Main Outcomes and Measures  Risk-adjusted 30-day and 1-year all-cause readmission and mortality rates.

Results  The mean (SD) age of the study population (n = 115 245) was 80.5 (8.4) years, 62 927 (54.6%) were women, and 91 996 (81.3%) were white and 11 037 (9.7%) were black. The 30-day risk-adjusted readmission rate declined from 20.0% before the HRRP implementation to 18.4% in the HRRP penalties phase (hazard ratio (HR) after vs before the HRRP implementation, 0.91; 95% CI, 0.87-0.95; P < .001). In contrast, the 30-day risk-adjusted mortality rate increased from 7.2% before the HRRP implementation to 8.6% in the HRRP penalties phase (HR after vs before the HRRP implementation, 1.18; 95% CI, 1.10-1.27; P < .001). The 1-year risk-adjusted readmission and mortality rates followed a similar pattern as the 30-day outcomes. The 1-year risk-adjusted readmission rate declined from 57.2% to 56.3% (HR, 0.92; 95% CI, 0.89-0.96; P < .001), and the 1-year risk-adjusted mortality rate increased from 31.3% to 36.3% (HR, 1.10; 95% CI, 1.06-1.14; P < .001) after vs before the HRRP implementation.

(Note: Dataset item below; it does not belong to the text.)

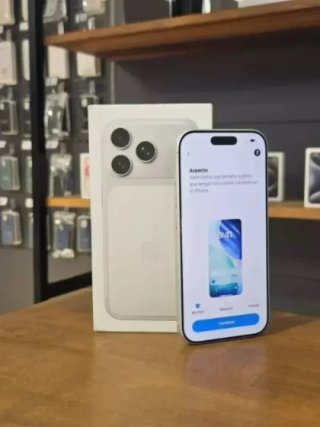 IPHONE 17 PRO 1TB ARGENTO BATTERIA 100% - 3 CICLI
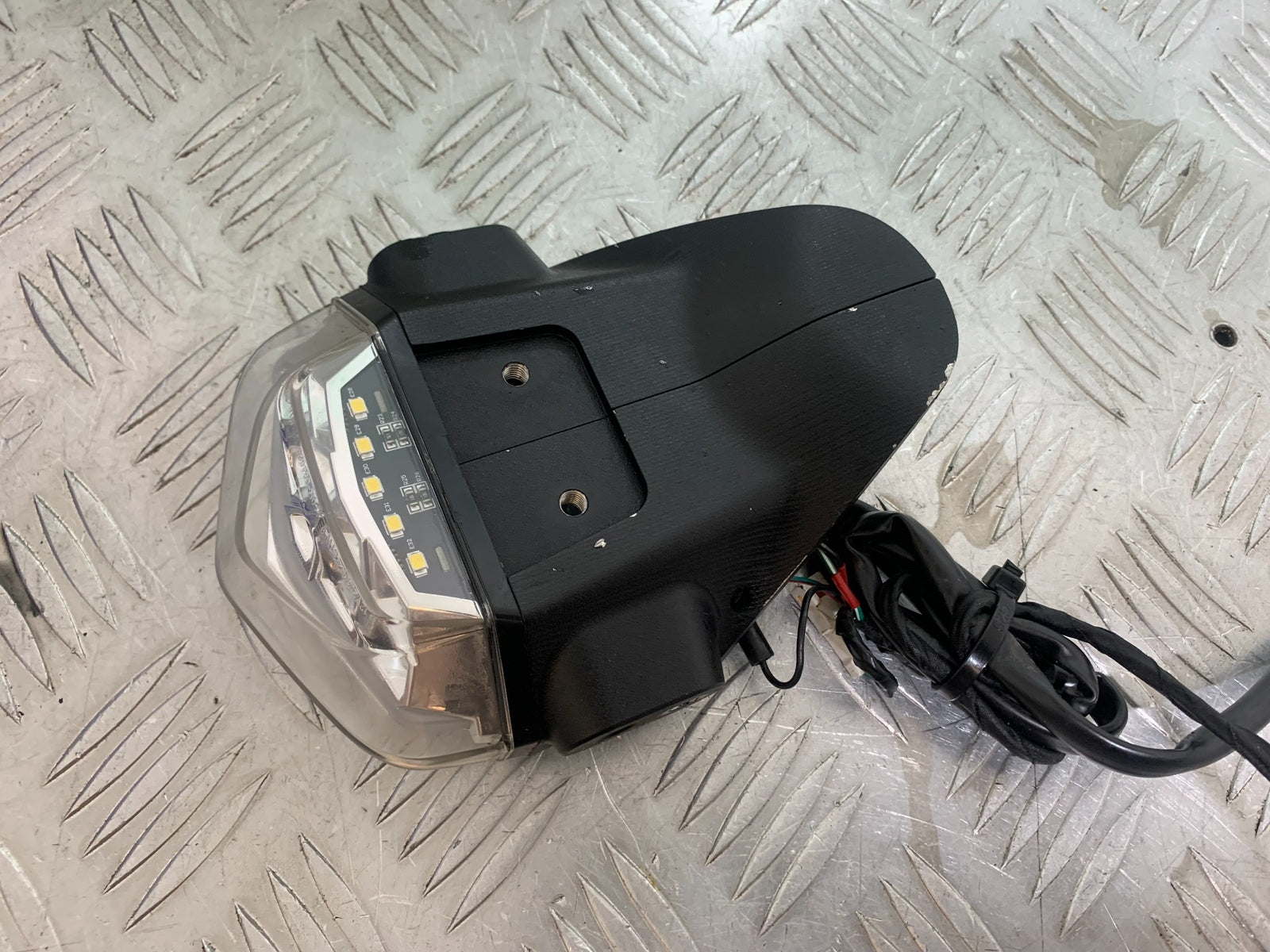 TRIUMPH TRIDENT 660 REAR LIGHT YEAR 2021-2024 (CMB1148)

Conclusions and Relevance  Among fee-for-service Medicare beneficiaries discharged after heart failure hospitalizations, implementation of the HRRP was temporally associated with a reduction in 30-day and 1-year readmissions but an increase in 30-day and 1-year mortality. If confirmed, this finding may require reconsideration of the HRRP in heart failure.